When I talk to people about my novel "Ivy and Abe" their response is almost always the same. "I have story like that," they tell me and go on to explain their own Ivy and Abe type story...
It’s an almost universal experience: meeting someone, however fleetingly, and wondering what might have happened if you had met at a different time or under different circumstances. From wondering what became of your first love (and perhaps cyber stalking them to find out) to the smallest exchange with someone in passing, the quiet recognition of a connection, a spark - and the wondering “what if?”
It’s this near universal experience, which sparked the idea for Ivy and Abe, a tale, or rather a series of tales, of two people who meet again and again, at various different times of their lives in a series of parallel universes.
They meet as children and in their seventies. They embark on a passionate affair in mid life, when they are both married already and in another life they marry young, only for a dark shadow to threaten their happiness.
Throughout various incarnations of their lives, they come together and go their separate ways, fall in and out of love, make or break promises.
In every universe, Ivy and Abe are meant to meet. But are they meant to be?
Multiverse theory proposes the theoretical possibility of infinite parallel universes. Physicists have likened this to a deck of cards: shuffle that deck and there are only so many orderings that can take places – shuffle it enough times and the order will start to repeat.
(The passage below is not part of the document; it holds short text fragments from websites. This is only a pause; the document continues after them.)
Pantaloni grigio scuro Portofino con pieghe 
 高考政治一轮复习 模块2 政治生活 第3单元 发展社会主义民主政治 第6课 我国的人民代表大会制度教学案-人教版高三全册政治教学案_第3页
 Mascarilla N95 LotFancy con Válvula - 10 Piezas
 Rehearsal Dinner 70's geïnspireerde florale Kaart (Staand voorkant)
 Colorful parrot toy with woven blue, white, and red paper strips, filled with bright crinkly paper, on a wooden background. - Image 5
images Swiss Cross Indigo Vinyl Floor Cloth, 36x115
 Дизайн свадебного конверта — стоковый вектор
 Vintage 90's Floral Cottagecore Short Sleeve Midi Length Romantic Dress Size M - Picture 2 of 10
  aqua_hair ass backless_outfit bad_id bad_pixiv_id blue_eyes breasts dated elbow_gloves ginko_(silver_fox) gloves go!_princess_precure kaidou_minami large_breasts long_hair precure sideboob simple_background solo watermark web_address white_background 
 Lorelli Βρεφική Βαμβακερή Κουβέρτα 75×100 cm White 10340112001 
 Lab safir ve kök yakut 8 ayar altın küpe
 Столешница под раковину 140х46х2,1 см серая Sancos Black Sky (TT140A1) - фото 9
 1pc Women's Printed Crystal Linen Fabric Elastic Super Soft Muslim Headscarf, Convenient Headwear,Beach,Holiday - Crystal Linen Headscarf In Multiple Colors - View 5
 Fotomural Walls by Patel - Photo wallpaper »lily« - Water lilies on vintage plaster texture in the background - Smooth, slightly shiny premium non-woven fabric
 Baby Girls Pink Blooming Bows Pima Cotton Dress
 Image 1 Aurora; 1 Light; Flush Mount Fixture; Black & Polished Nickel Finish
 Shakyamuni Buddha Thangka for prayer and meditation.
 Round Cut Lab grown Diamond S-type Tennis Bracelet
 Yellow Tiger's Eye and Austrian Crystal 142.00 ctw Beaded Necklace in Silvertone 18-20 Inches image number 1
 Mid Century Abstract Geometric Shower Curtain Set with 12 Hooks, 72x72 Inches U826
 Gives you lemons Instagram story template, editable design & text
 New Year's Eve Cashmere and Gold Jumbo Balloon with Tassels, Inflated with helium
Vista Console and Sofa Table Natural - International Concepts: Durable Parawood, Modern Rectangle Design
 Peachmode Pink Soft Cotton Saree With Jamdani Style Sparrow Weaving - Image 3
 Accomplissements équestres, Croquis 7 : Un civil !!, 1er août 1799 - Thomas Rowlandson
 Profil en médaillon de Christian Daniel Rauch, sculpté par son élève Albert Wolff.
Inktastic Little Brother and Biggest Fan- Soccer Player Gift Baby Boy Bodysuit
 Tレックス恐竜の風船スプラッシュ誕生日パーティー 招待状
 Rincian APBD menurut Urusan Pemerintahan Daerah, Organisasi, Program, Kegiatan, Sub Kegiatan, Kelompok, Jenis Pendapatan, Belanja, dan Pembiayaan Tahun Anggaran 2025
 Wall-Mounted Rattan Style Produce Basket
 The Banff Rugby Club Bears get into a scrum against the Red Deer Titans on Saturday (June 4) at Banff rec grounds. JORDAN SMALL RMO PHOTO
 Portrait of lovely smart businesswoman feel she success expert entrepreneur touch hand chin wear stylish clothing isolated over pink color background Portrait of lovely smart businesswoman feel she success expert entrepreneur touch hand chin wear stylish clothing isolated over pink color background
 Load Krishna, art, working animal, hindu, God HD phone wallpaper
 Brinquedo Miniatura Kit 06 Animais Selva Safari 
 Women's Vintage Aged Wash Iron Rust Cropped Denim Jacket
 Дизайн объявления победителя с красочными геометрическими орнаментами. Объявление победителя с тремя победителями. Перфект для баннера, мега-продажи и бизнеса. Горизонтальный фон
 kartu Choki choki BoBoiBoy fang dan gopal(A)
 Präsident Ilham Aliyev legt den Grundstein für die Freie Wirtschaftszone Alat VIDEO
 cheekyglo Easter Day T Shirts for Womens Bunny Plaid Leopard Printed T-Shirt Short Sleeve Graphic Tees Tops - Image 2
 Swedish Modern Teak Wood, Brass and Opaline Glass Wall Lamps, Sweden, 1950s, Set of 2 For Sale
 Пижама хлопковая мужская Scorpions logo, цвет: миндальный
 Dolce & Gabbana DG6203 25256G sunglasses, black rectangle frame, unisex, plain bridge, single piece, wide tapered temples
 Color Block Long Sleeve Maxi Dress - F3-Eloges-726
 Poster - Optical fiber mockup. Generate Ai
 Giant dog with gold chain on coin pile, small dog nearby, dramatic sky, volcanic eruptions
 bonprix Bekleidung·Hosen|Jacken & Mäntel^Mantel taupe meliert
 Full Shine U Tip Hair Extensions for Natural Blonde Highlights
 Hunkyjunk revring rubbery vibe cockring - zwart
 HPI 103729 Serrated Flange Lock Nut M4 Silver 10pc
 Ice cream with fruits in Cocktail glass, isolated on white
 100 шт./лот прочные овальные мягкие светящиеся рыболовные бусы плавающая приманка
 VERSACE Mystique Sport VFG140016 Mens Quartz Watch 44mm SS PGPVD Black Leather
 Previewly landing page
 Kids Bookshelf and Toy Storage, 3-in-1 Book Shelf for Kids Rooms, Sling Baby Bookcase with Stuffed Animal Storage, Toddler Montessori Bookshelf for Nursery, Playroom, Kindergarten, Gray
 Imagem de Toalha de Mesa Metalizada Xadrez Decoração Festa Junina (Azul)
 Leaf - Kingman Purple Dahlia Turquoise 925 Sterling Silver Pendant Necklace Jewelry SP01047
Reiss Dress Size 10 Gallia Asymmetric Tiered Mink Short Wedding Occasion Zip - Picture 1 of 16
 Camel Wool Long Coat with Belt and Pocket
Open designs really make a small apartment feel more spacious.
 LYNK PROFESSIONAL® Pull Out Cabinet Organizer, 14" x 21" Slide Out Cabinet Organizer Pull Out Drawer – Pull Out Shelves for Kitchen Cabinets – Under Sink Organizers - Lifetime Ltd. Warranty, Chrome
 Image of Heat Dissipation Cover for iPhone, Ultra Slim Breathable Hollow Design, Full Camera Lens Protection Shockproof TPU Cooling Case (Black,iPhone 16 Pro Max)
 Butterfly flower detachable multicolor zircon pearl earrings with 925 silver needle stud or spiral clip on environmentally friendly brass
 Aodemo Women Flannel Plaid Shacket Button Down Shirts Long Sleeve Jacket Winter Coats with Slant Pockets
This is our parallel universe.
I liked this metaphor and it mirrors one we use to talk about our own lives and what we make of them - dealing with the cards we have been dealt.
In Ivy and Abe, Abe’s multiple lives are repeatedly thrown a little off course by a random accident, whereas Ivy has something in hers, which is set from the moment she is born, which can only ever play out according to the card she has been given.
It’s a love story and it’s a life story. It’s about living and loving and the way our own stories are echoed and repeated with infinite variations across the globe and around the universe.